What happened in the last three months??
Until the second quarter of 2009 (Q10), the current house price crash had been tracking the previous one very closely, so this quarter I was expecting prices to fall slightly - but they went up. It appears that the Tories are determined to keep the bubble inflated, but surely they can't have had that much impact?The blue series shows quarter-on-quarter price changes from Q1 1989 onwards; the red series shows quarter-on-quarter price changes from Q1 2007 onwards. The post-1989 crash continued for another few years after the end of that chart, but rises and falls were no longer so spectacular.
Source: Nationwide's UK House prices adjusted for inflation (choose from the drop down box labelled 'UK series').
Snowy
57 minutes ago
3 comments:
Possibly the effect of interest rates well below the rate of inflation - you have to put the money into something. Also explains the stock market not bombing. Of course it prevents long term investment in anything productive but it keeps the banks solvent. Basically repeating Japan's recent history.

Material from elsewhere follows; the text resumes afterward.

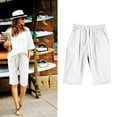 thumbnail image 3 of Women's Casual Fashion Loose Cotton Button Pocket Soild Print Wide-leg Shorts, 3 of 5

If that's CPI adjusted you could adjust by RPI and it might be more similar, otherwise you could try to argue that RPI understates 'real' inflation?
Or how about the huge devaluation - this didn't happen in 1989 'til a bit later.
NC, indeed, Japan is what our government is trying to achieve. It's not clear to me why, but hey.
M, from one quarter to another CPI or RPI isn't much different (I think), so adjusting would be probably pointless.
Interestingly, the 1992 election and the 2010 election both fell in the 14th quarter on that chart (so we can ignore those).
The big devaluation the first time was in the 15th quarter and this time it was in the 8th (i.e. last quarter 2008). But, do we assume that a devaluation pushes house prices up or down? You can argue it either way (imports up, so money to spend on houses down - or - sterling cheaper, so sterling denominated house prices get bid up by Johnny Foreigner?)
I think the only big difference is the £300 billion taxpayer funded/backed bank bail out we had this time. At least on Black Wednesday Normant Lamont threw in the towel after losing £2 billion or so.